In the east Hindenberg almost annihilated the opposing Russian army in the battles in Masurian Lakes.

Cavalry and infantry entered Lithuania and Kurland and in May the Germans smashed the Russian positions on the Gorlice-Tarnow front. Mackensen's troops pushed the Russians from one sector to the next and the Russian Carpathen army fell to pieces. The fortress of Przemyl was retaken and the positions at Lemberg fell. The troops then swung northwards to attack the parts of the Russian Army in Poland from the rear. All along the Eastern Front the German army rolled forward pushing the Russians back in a series of bloody fights and battles. Fortresses like Nowo-Geogiwsk and Grodno fell in just a few days, rivers like the Narew and Njemen crossed after bloody fighting. The advance was swift but due to exhausted troops and stiff Russian resistance the Germans missed their goal of encircling and destroying the Russian troops in Poland.

In the meantime the Serbs had inflicted a series of defeats on the Austrians. As the Serbs stood in the way of the Axis route down to Turkey and the access it provided to the sea, they were an enemy that needed defeating. The Bulgarian army joined the Axis and attacked from the East. From the north over the Save and Donau rivers came an Austrian army with German divisions under Mackensen. The two rivers were crossed with little problem but then they came into the mountains, where the Serbs defended the few roads into their homeland with dogged determination.

A mixed French-British Army had landed in Salonika to come to the aid of the Serbs but it was too little, too late. The Axis managed to push the Serbs aside and reach the southern border.
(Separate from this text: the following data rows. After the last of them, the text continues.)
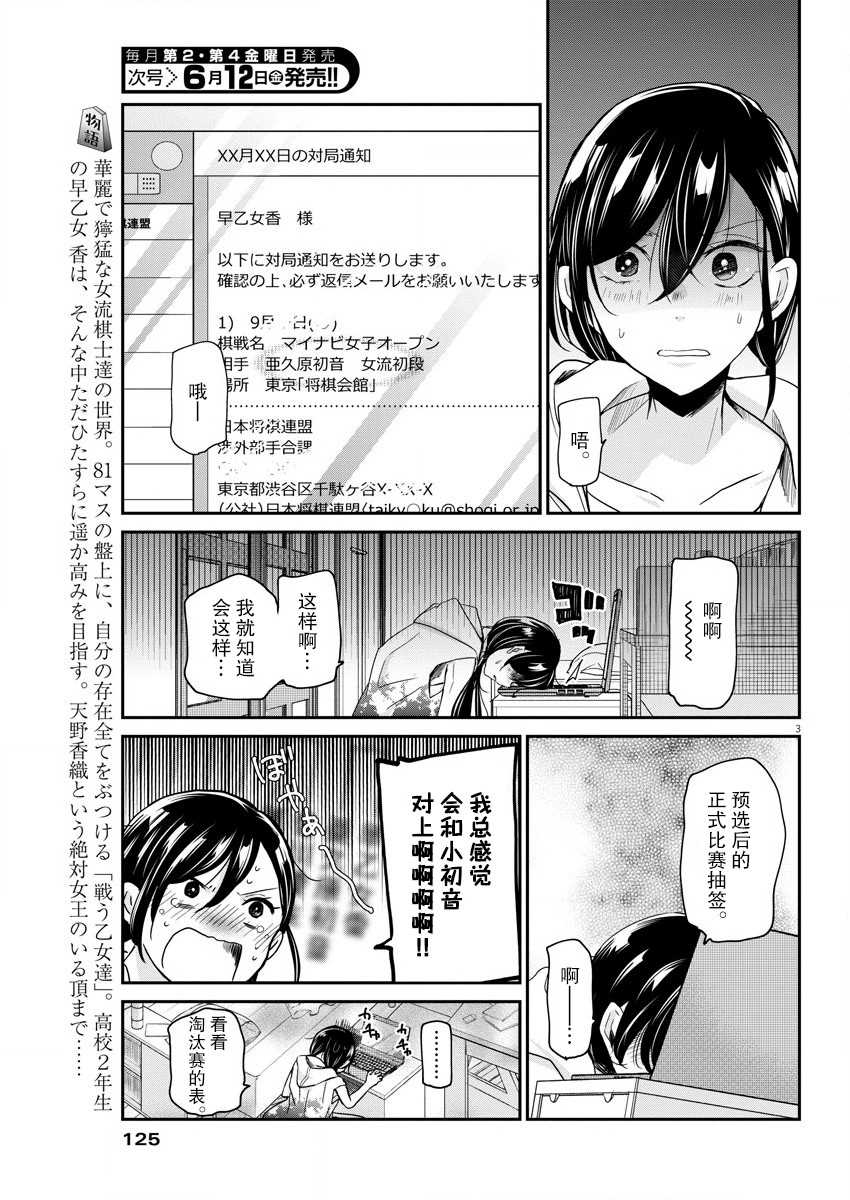 《永世少女的战斗方式》漫画最新章节第23话 途中免费下拉式在线观看章节第【3】张图片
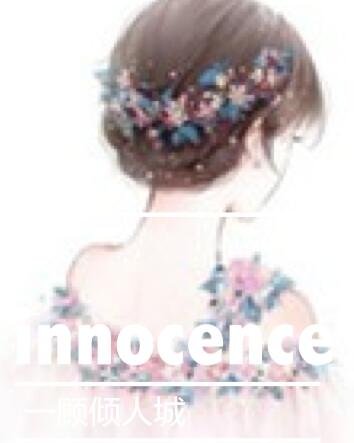 Innocence  一顾倾人城是正品吗淘宝店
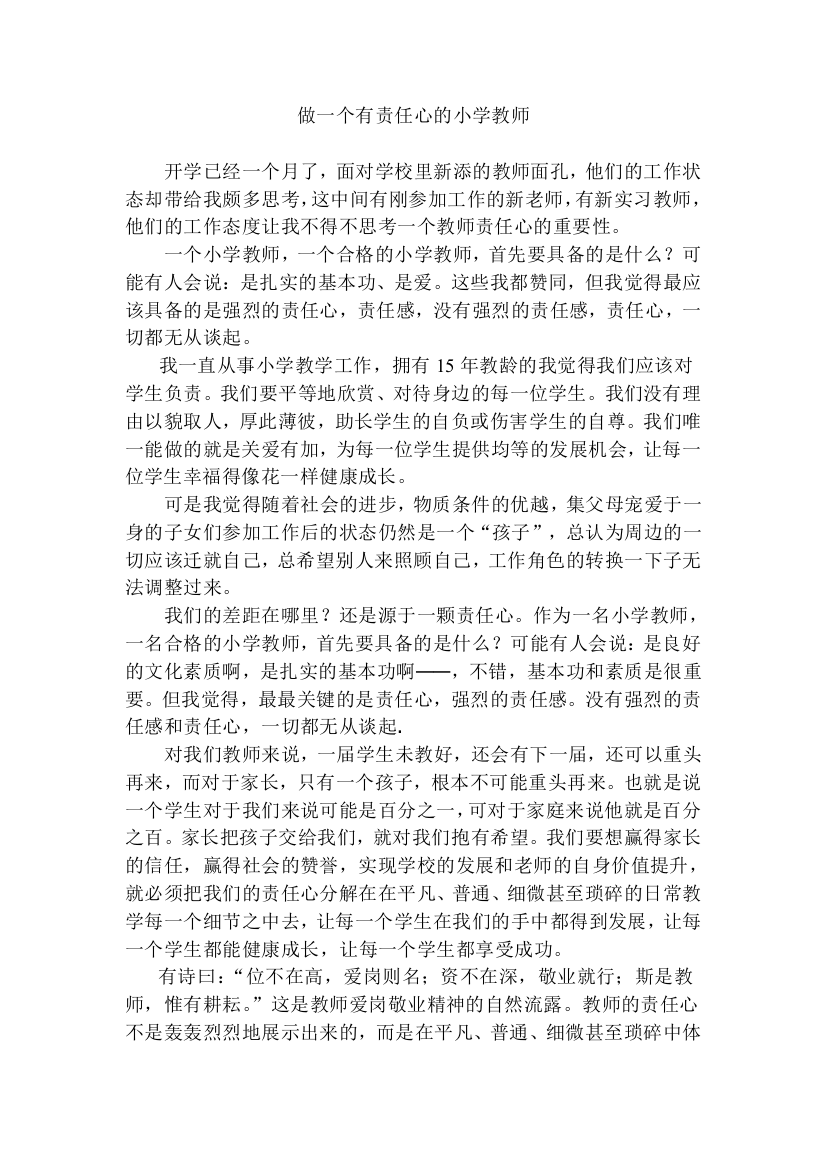 做一个有责任心的小学教师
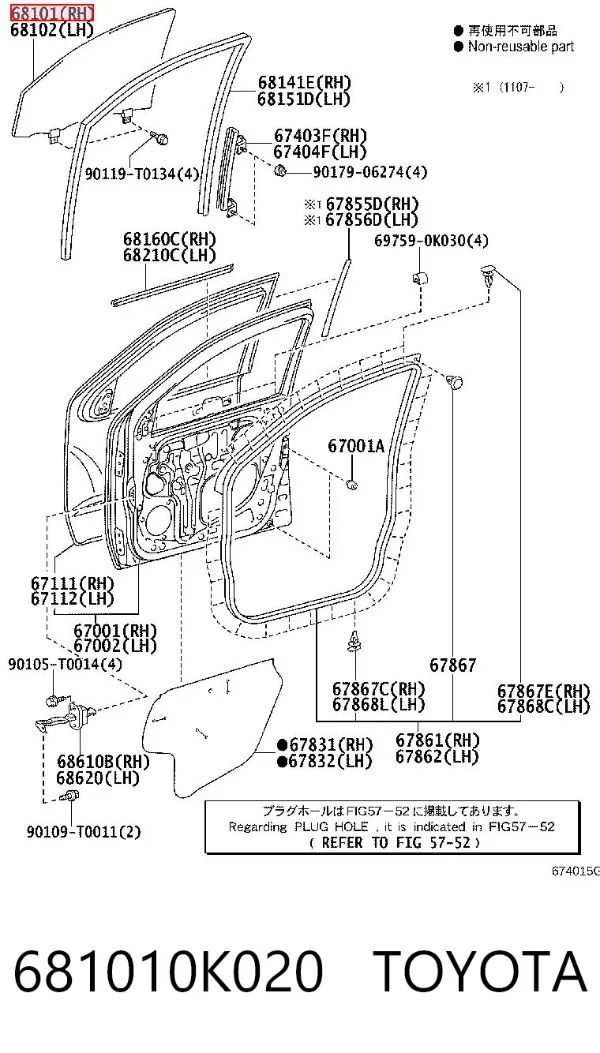 Стекло двери передней правой 681010K020 Toyota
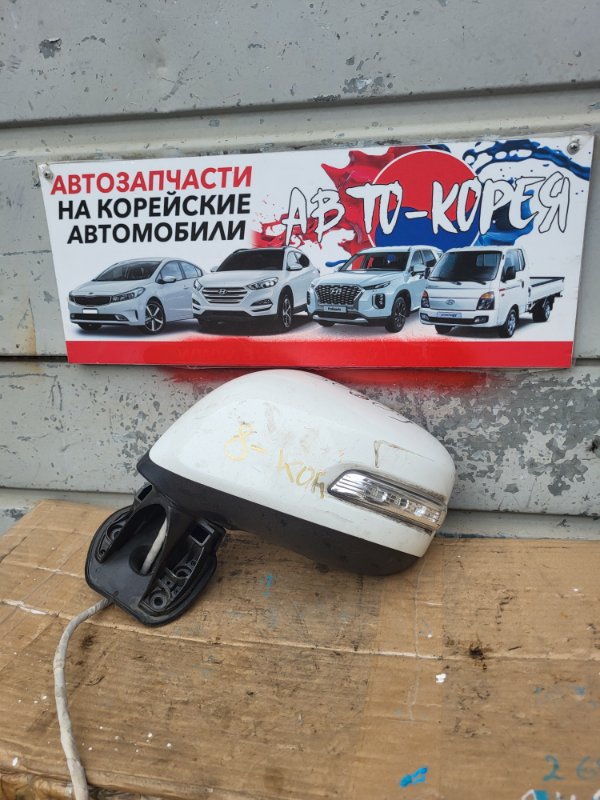 Зеркало боковое Kia Ray 2011 переднее левое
The Allied Salonika army remained a threat, however, while the Serbs retreated into the Albanian mountains.

The beginning of the year in the West saw a few small tactical victories for the Germans on the left flank in the Soissons and Münster areas but already in the last weeks of February the first of four great allied offensives challenged the German positions. The first offensive was the "Winterschlacht in der Champagne", the second the British Offensive at Neuve Chapelle. In autumn the third and fourth efforts would take place with another offensive in Champagne coupled with the battle by La Bassee
and Arras that were together meant to smash the German front once and for all. All these efforts failed with a terrible loss of life.The Germans spent the year on the defensive although a gas attack in Ypres did allow them to take some land and the famous Hartmannsweilerkopf was retaken from the French after bloody fighting.